I will never, ever try that again.

Blackberry Creek Dam Removal Update, Rain, Ice, Snow Stops Everything

To play catch up, you can read the past progress reports here.

The other day I got out when it stopped raining to take a look at the Blackberry Creek dam removal site. I still think it was a good idea to not go wandering around through all the mud, but I kind of wish I did. After everything froze over and then got covered in snow, it’s all white. Makes it hard to see the details.

I come from a couple of generations of roofers. My dad had me help him on a roof the first time when I was eight. This continued on and off into my teens. One day he said “I’m going to show you how hard this is so you do good in school and don’t become a roofer.” That pretty much worked, but I think now at 57, if I were a roofer, I’d still be working. Instead, I did the whole do well in school thing and became a graphic artist. At this age, no matter how good my skills are in the graphic arts, nobody wants you.

But that’s a post for another day.

Because of the early years in roofing, I like to think of myself as surefooted as a cat. I have no qualms wandering all over a roof and to this day I like to watch my wife squirm as I stand on the edge of a roof, cleaning out gutters and carrying on a conversation with her while she’s down on the ground. Simple pleasures.

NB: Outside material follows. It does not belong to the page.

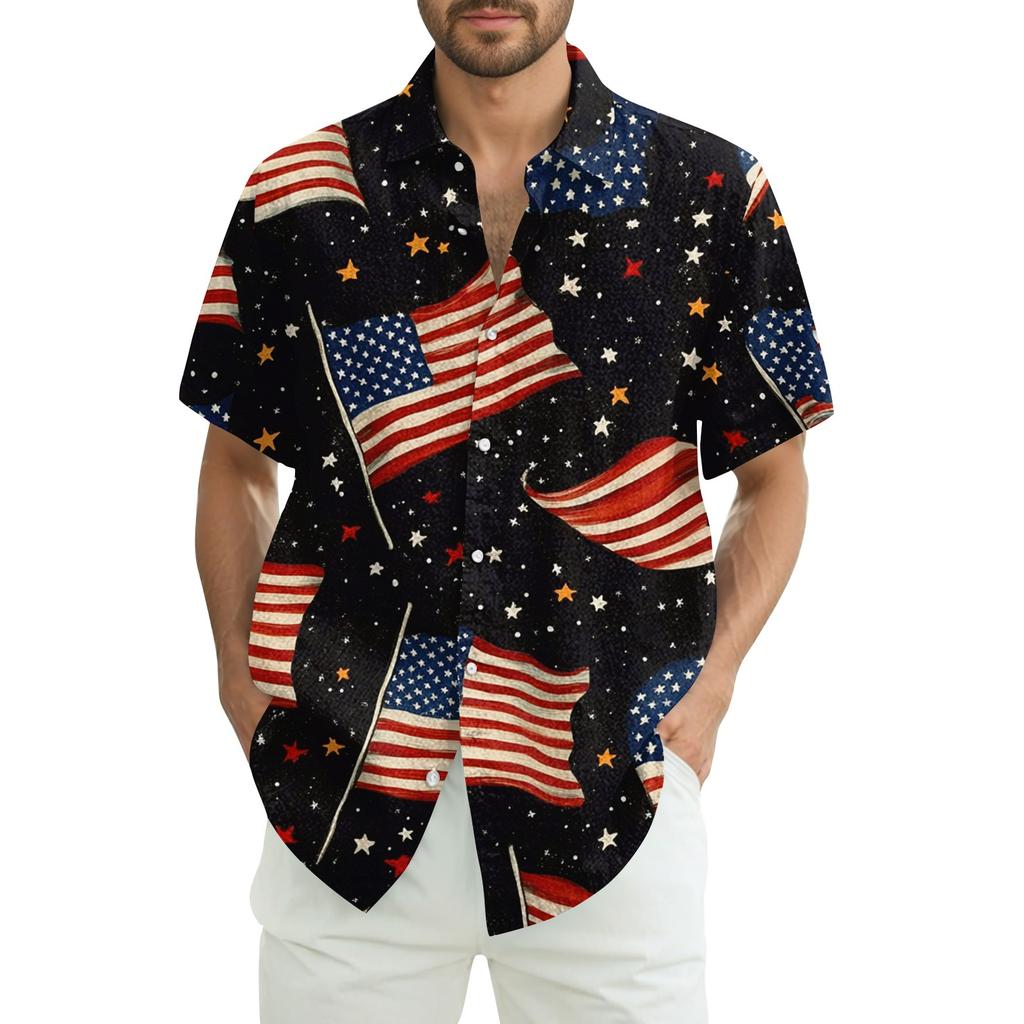 Men's Casual Casual Independence Day Print Short-sleeved Shirt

That being said, this is what it looks like when a supposedly surefooted old guy steps on what he believed to be snow covered ground.

As I mentioned to someone recently about getting old, gravity is a bitch. And yes, it hurt, but I think my pride is more bruised than anything else.

There has been virtually no noise coming from across the river since the rain and I can’t blame them. Big ruts of frozen mud and layers of ice are everywhere. Plus the cold and the wind makes it brutal to be out there. A project needs to get done, but delays are sometimes welcomed in weeks like this. The old dam itself is pretty well covered in ice.

Some work had been done in the week before the rain. Now it’s going to be interesting to see how they are going to get all this water…

…to squeeze through this hole, especially at high water events…

I think it’s going to look pretty darn interesting as it comes flying through this hole.

This is the part that’s the hardest to figure out what they’re doing. This part makes sense, sort of…

But I have no clue how they’re going to tie this together with the rest of the creek. Because of the weather, I have a feeling it will be a little while before it gets done.

I did find the breach around the upper coffer dam. It’s not much of one and looks like it barely wore away the edge of the shore, but there was a consistent flow of water going through.

This breach was enough to fill the first stretch of the project that was completed. The water on both sides of the coffer dam are now at the same level.

The snow obscures it a bit, but I tried to take pictures from the same spots that I’ve taken them in the past. I think it gives you a pretty good sense of just how much water is now in here.

From where I took the following pictures, two weeks ago it looked like this.

Now there is no sign of any rock, the water has completely covered it.

The section directly in front of the downstream coffer dam was the deepest and there was a pump running constantly to keep the water out. Two weeks ago it looked like this. Notice the generator on the far left hand side.

Luckily they pulled the generator away from the coffer dam. You can also get a feel for how bad the mud was when it was raining.

It would have been a big disappointment to have to haul the generator out of this…

The 10 day forecast has things going back to normal, but that’s in the 30’s with night time temps below freezing. The couple of days where it does come close to 40 degrees, it says it will be raining. There’s a lot of ice and water that needs to go away. I have a feeling it’s going to be awhile before the project gets rolling along again.

I may have to brave the mud the next time I come here, I really want to get closer when all the ice and snow starts going away. I’d like to get some pictures of how much the water has covered all that rock. I’ll just have to hope my cat like skills are still alive in me somewhere and work on mud, but at least if I find out they don’t work, the landing will be softer.